Les militants qui coordonnent les opérations de secours sont fréquemment exposés aux attaques physiques et sexuelles. L’une des membres de l’initiative Shoft Taharosh a confié à Amnesty International qu’elle avait reçu un appel lui indiquant qu’une agression était en train de se dérouler ; elle s’est alors précipitée sur les lieux avec une autre militante.
Voici son récit : «J’ai couru à l’intérieur du cercle d’hommes pour tenter de la sauver. Ils m’ont laissé passer. Lorsque je me suis retrouvée au centre du cercle, j’ai réalisé que la victime était ma collègue et que l’information reçue était une ruse pour nous attirer sur les lieux, en vue de nous intimider et de nous agresser. Soudain, des mains couraient sur ma poitrine, dans mon soutien-gorge, me pinçaient les seins. (…) Ils nous insultaient et nous traitaient de putains, qui ne demandaient que ça, puisque nous étions venues au milieu de tous ces hommes (…)»

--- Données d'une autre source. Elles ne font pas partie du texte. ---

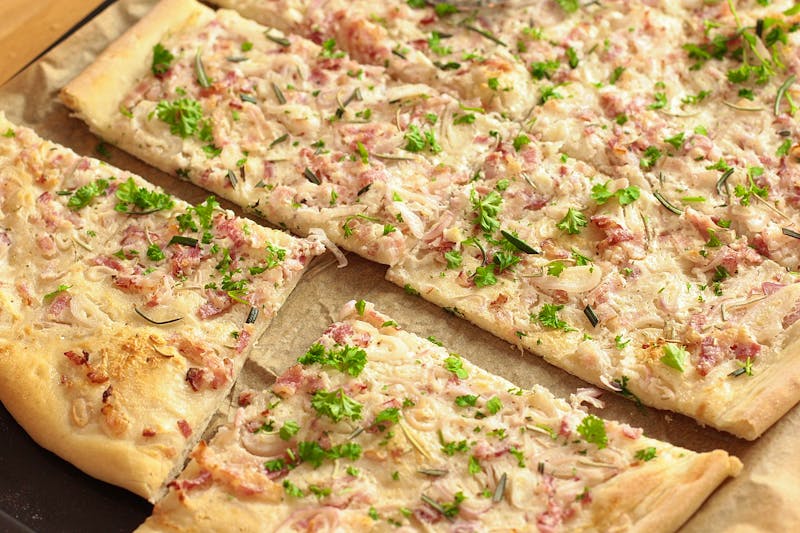 Flammkuchen - ©Katrin Gilger - Wikimedia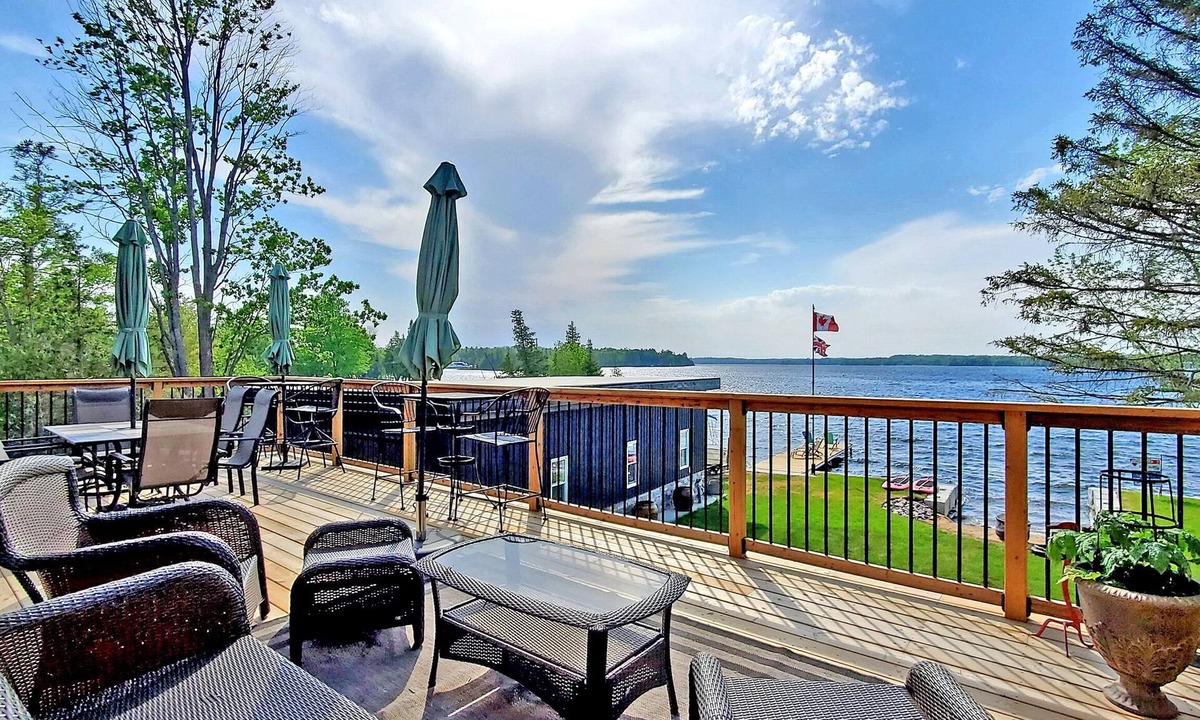 Bobcaygeon Cottage | Family Cottage Retreat w/Hot Tub & Games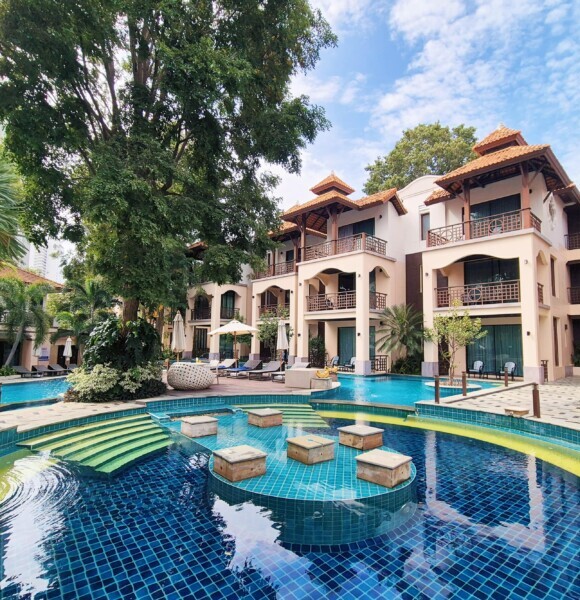 Long Beach Garden Hotel & Pavilions ที่พักสุดชิลล์ บรรยากาศร่มรื่น “พัทยา”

Une culture de l’impunité profondément ancrée
Ce qui est particulièrement choquant, c’est que les attaques sexuelles collectives se déroulent sur des places publiques, parfois en plein jour, avec des milliers de spectateurs, qui ne font rien, se sentent impuissants ou tentent de secourir la victime, prenant ainsi le risque de subir eux aussi des violences. La faute retombe sur les victimes, en raison de leur tenue «indécente» ou parce qu’elles osent se trouver dans des espaces publics «masculins».
Les militants qui s’efforcent de combattre ce phénomène proposent différentes explications : la culture de l’impunité lorsqu’il s’agit de violences faites aux femmes; l’opportunisme d’éléments criminels dans le climat actuel d’instabilité politique; les tentatives systématiques visant à exclure les femmes des espaces publics et de les priver du droit de participer aux évènements qui façonnent l’avenir de l’Égypte; et le manque d’intérêt des mouvements politiques, des responsables et des médias.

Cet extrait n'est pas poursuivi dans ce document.